§ **To do**
Please repeat exactly the lines from the one containing "Ireland Hand Crafted" through the last line of the records below, both included, and leave out any pictures.

§ **Short text fragments from websites**
"""

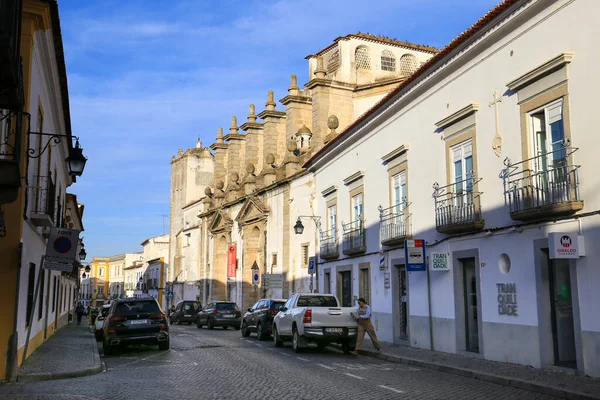 Evora Portugal Oktober 2022 Typische Portugiesische Fassaden Und Kopfsteinpflasterstraßen Der — Stockfoto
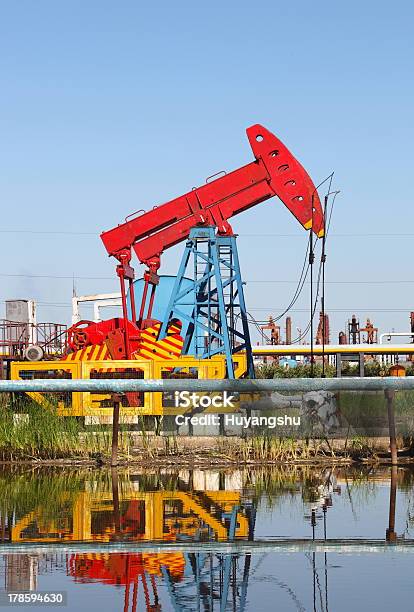 Öl Pumpen Stockfoto und mehr Bilder von Ausrüstung und Geräte - Ausrüstung und Geräte, Bauwerk, Benzin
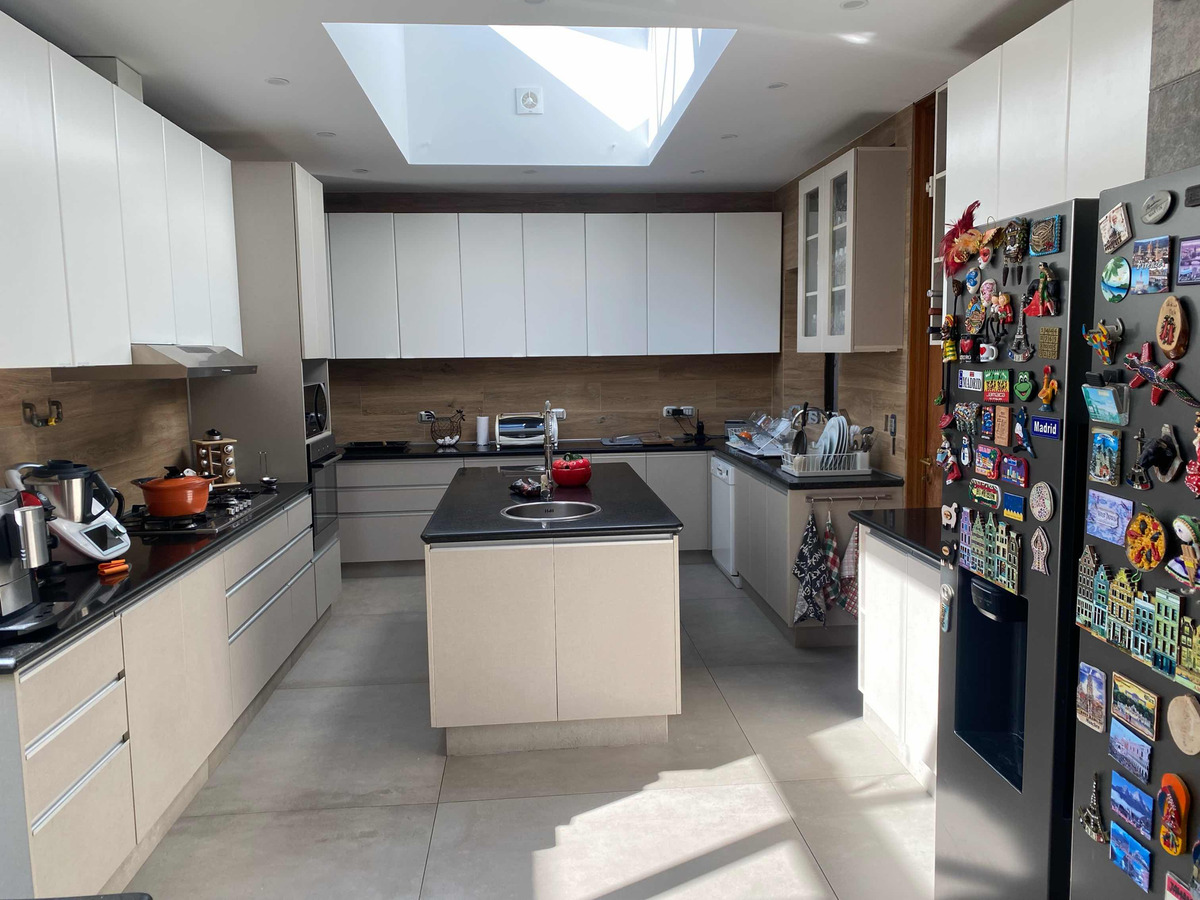 Arriendo Casa 7D 8B 5E 1B Los Dominicos - Las Condes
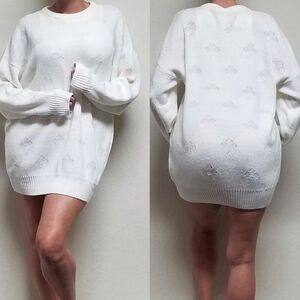 Ireland Hand Crafted Vintage 70s Quill's Woolen Market White Shamrock Sweater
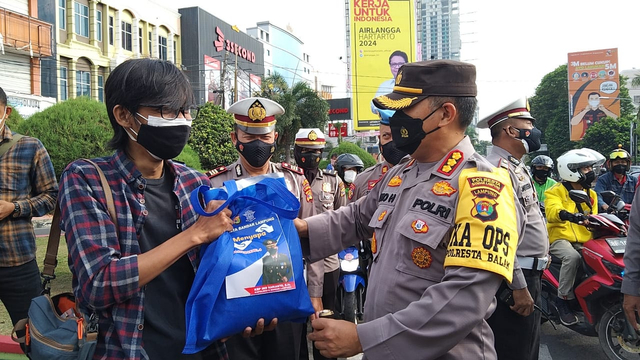 Jawab Pertanyaan Soal Penyekatan, Pengendara di Bandar Lampung Dapat Helm (2)
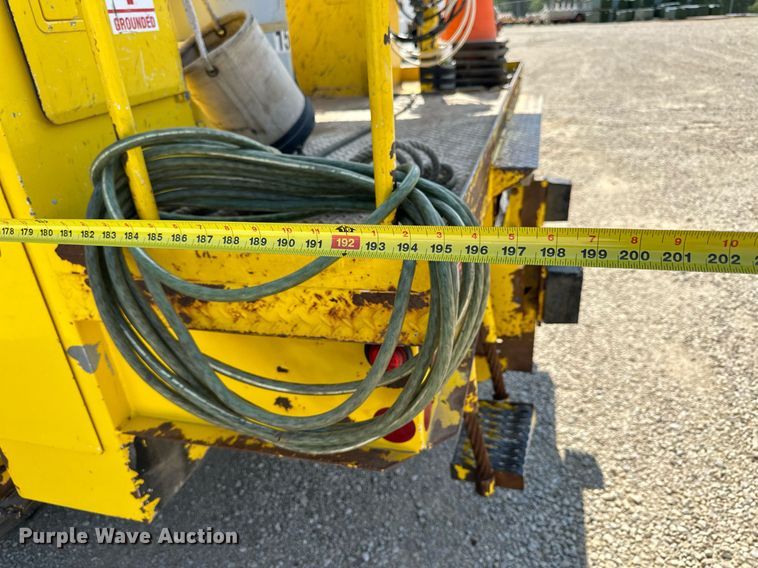 image for item NP9834 2008 International WorkStar 7400  bucket truck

"""

§ **Answer for the task**
 Ireland Hand Crafted Vintage 70s Quill's Woolen Market White Shamrock Sweater
 Jawab Pertanyaan Soal Penyekatan, Pengendara di Bandar Lampung Dapat Helm (2)
 image for item NP9834 2008 International WorkStar 7400  bucket truck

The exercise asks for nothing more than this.